- _Work to be completed_: These records contain pictures, which must be left out; copy exactly the lines from the one with "Tibetan Silver Carving Tube Beads" up to and including the one with "vidaXL Cabecero LED".

- _Exercise data_:
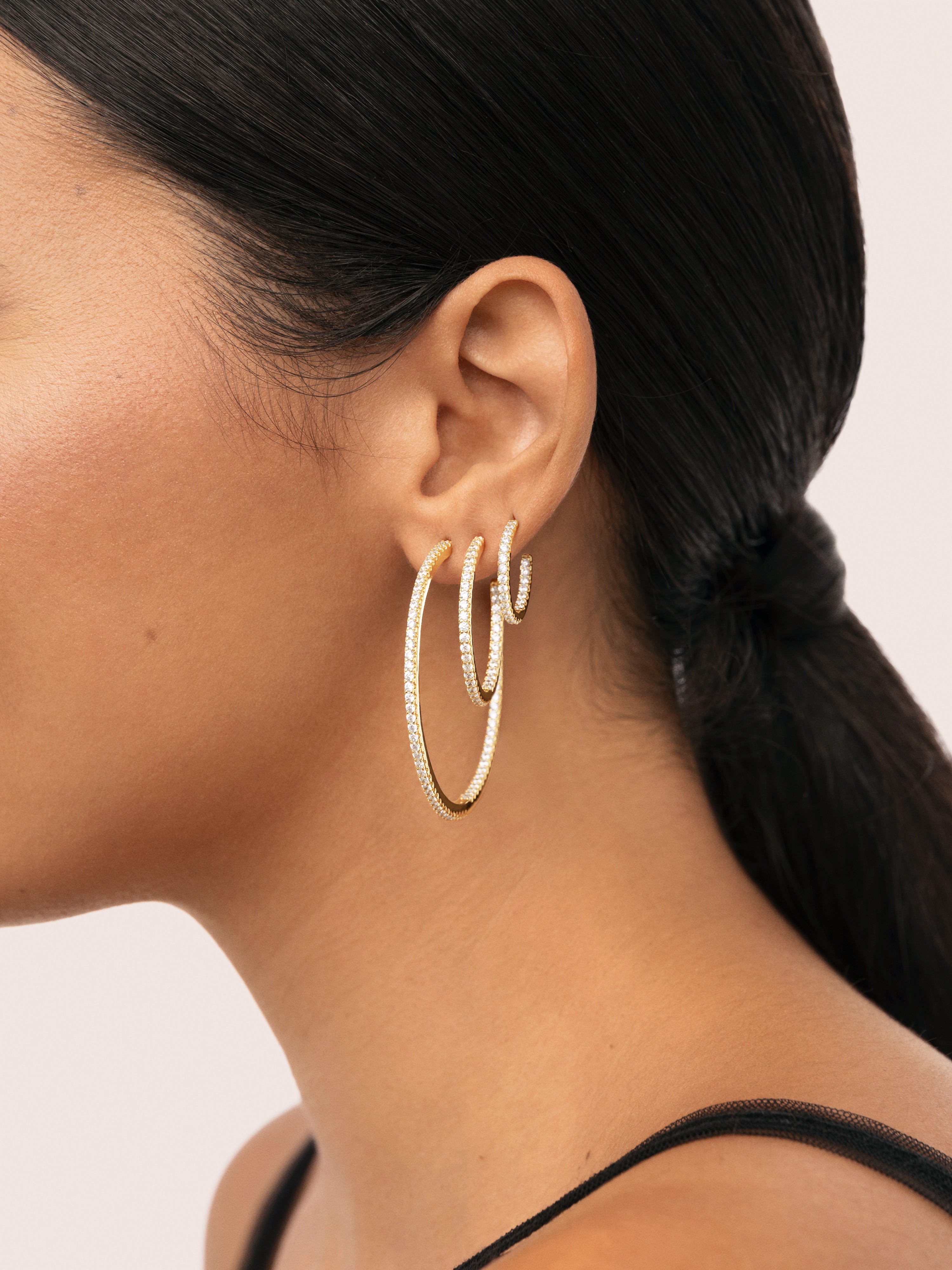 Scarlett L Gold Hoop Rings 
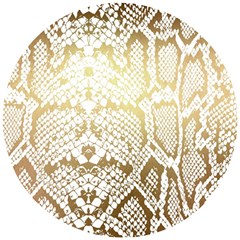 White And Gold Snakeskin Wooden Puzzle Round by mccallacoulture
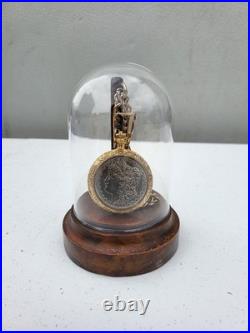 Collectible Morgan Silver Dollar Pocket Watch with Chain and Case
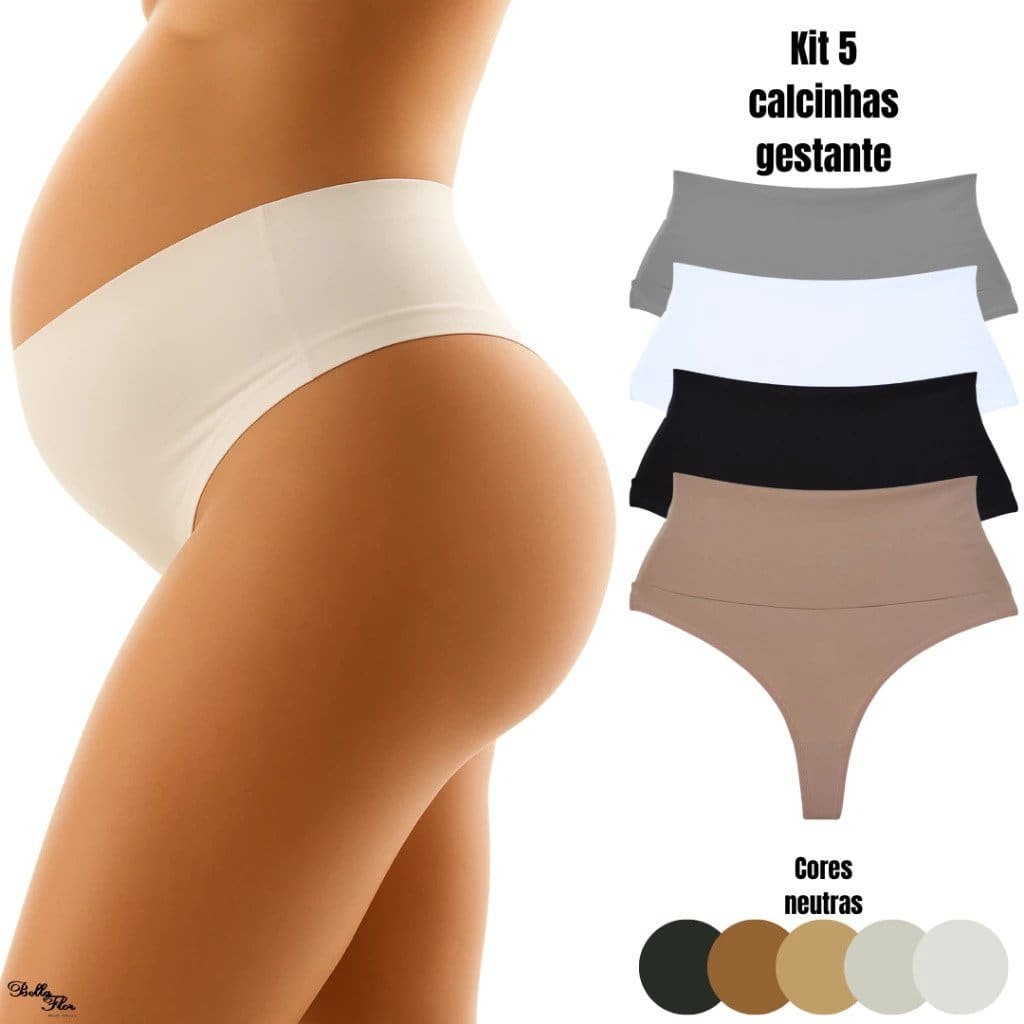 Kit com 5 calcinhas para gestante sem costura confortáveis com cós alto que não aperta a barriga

--

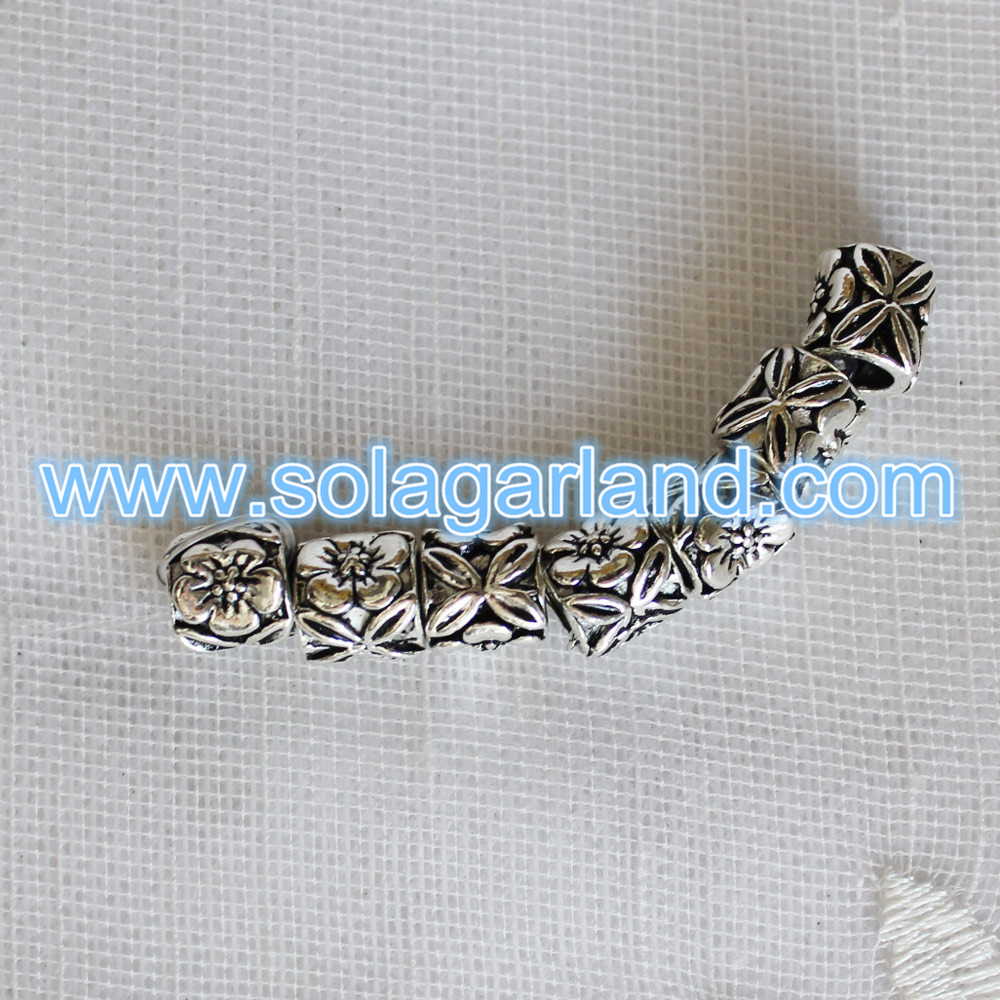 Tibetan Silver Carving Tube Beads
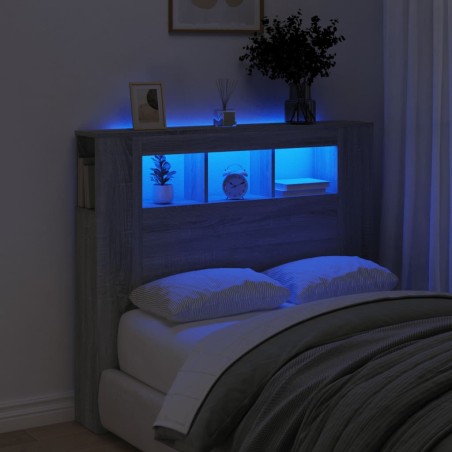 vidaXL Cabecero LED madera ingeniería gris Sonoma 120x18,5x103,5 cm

- _Response to this task_:
 Tibetan Silver Carving Tube Beads
 vidaXL Cabecero LED madera ingeniería gris Sonoma 120x18,5x103,5 cm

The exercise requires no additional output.